*Provided data*

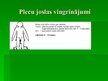 Prezentācija 'Kustību aparāta sāpes darbā ar datoru', 9.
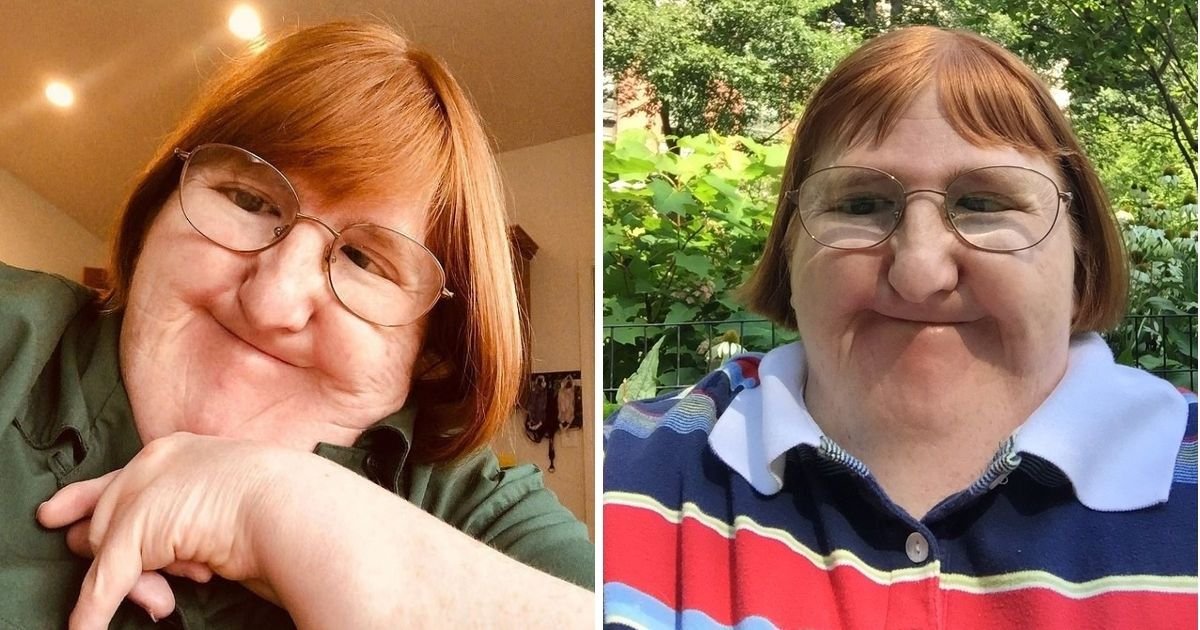 melissa6.jpg?resize=412,275 - Woman Who Was Told She Is 'Too Ugly' To Share Pictures Of Herself Responded By Posting A Selfie Every Day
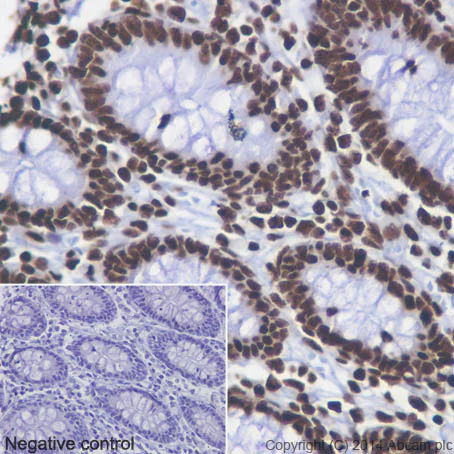 Immunohistochemistry (Formalin/PFA-fixed paraffin-embedded sections) - Anti-Histone H4 (acetyl K5 + K8 + K12 + K16) antibody [EPR16606] (AB177790)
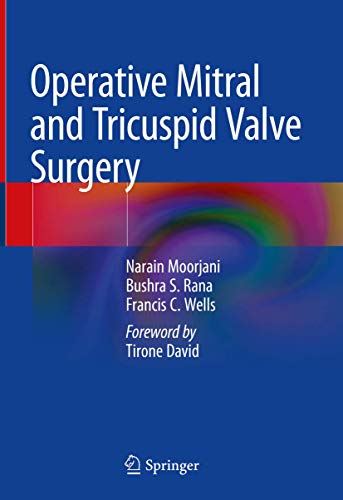 Operative Mitral and Tricuspid Valve Surgery (2024)
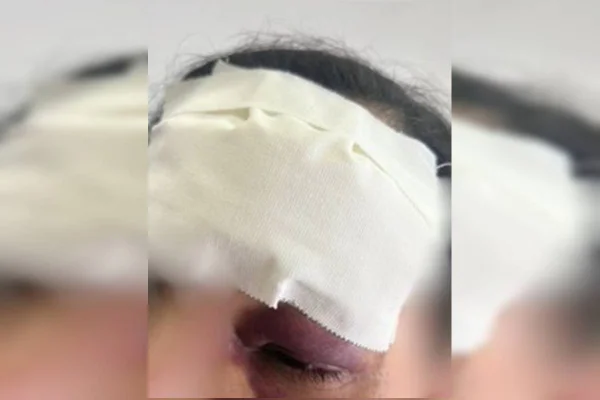 Mulher tem rosto deformado após agressão de companheiro ciumento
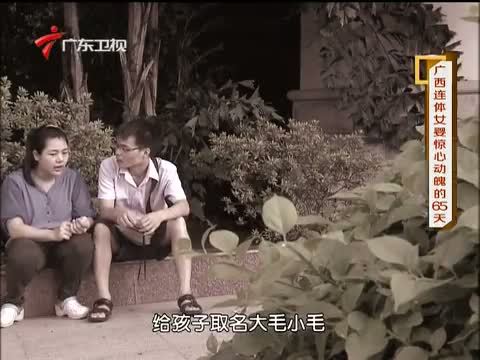 凡人大爱 《凡人大爱》 20131202 广西连体女婴惊心动魄的65天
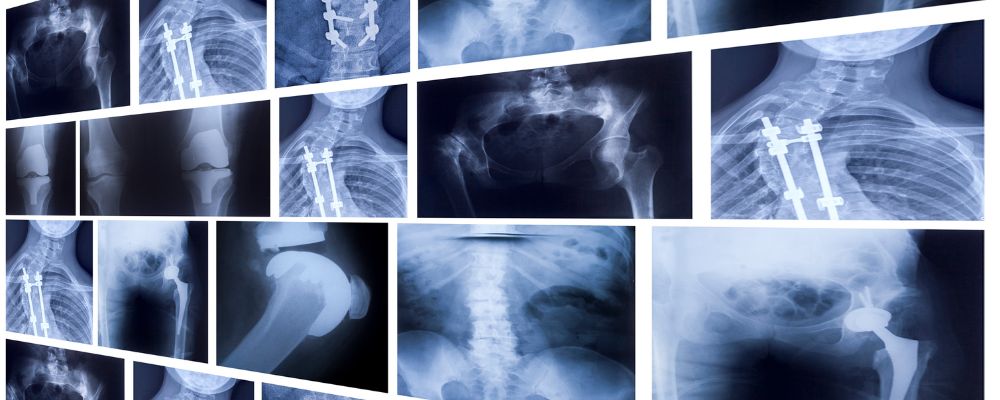 Imagens de raio-x para detectar displasia fibrosa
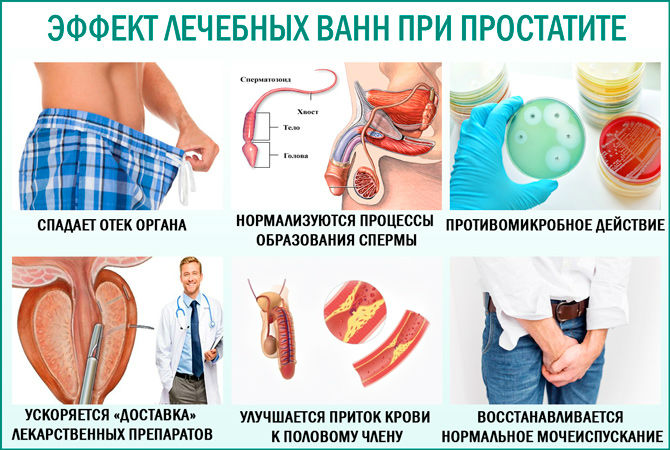 Можно ли греть простату при простатите, особенности прогревания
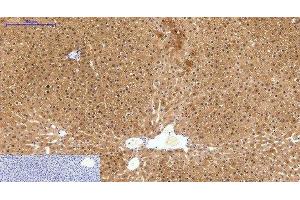 Immunohistochemistry of paraffin-embedded Human liver tissue using HAO1 Monoclonal Antibody at dilution of 1:200. (HAO1 抗体)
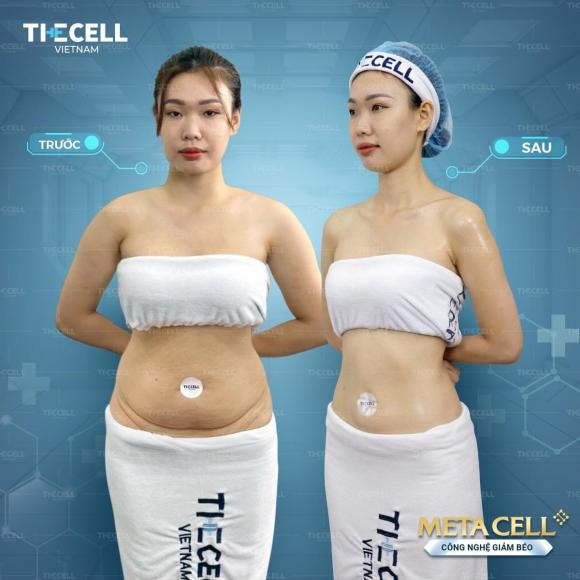 phong-kham-tham-my-the-cell (1).jpg 0 phòng khám thẩm mỹ The Cell, địa chỉ làm đẹp uy tín, spa làm đẹp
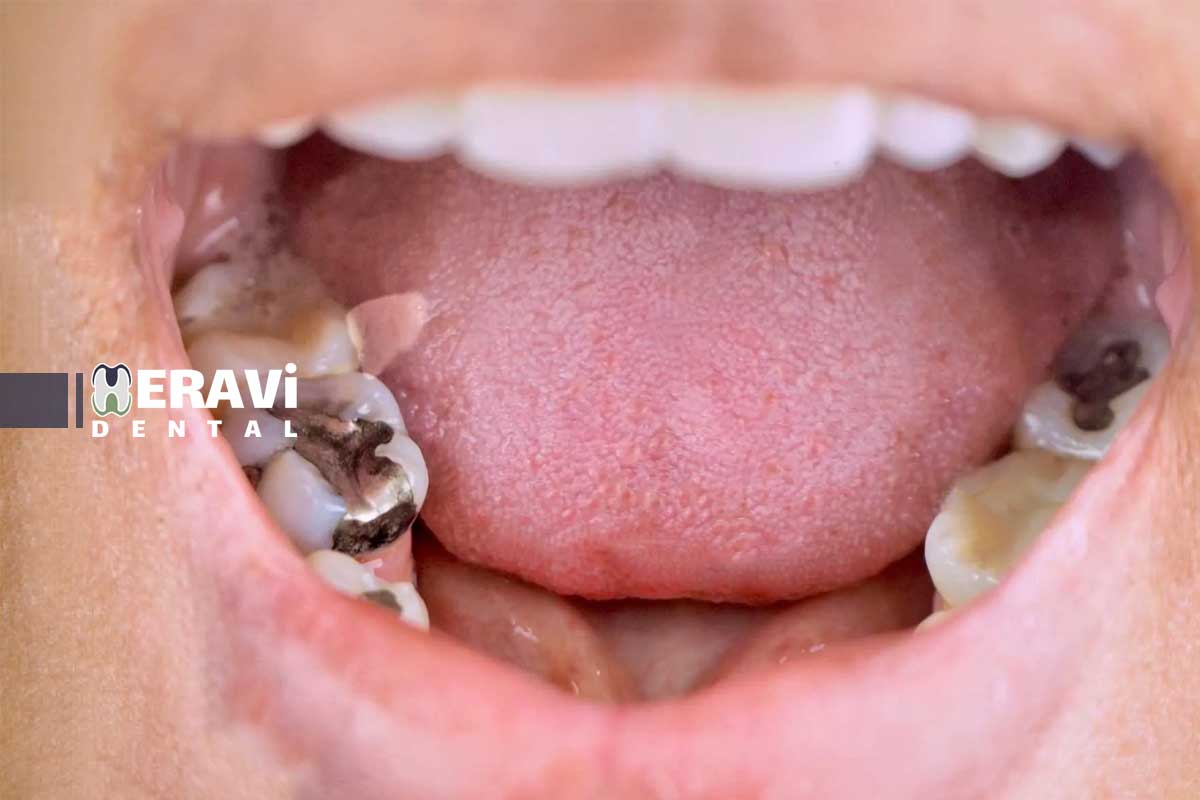 درمان پوسیدگی دندان: علائم، مراحل و روش های ترمیم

*Problem details*
Copy exactly, and copy nothing else: the lines from the start of the data above through the line that holds "Mulher tem rosto". The pictures stay out.

*Answer to the problem*
 Prezentācija 'Kustību aparāta sāpes darbā ar datoru', 9.
 melissa6.jpg?resize=412,275 - Woman Who Was Told She Is 'Too Ugly' To Share Pictures Of Herself Responded By Posting A Selfie Every Day
 Immunohistochemistry (Formalin/PFA-fixed paraffin-embedded sections) - Anti-Histone H4 (acetyl K5 + K8 + K12 + K16) antibody [EPR16606] (AB177790)
 Operative Mitral and Tricuspid Valve Surgery (2024)
 Mulher tem rosto deformado após agressão de companheiro ciumento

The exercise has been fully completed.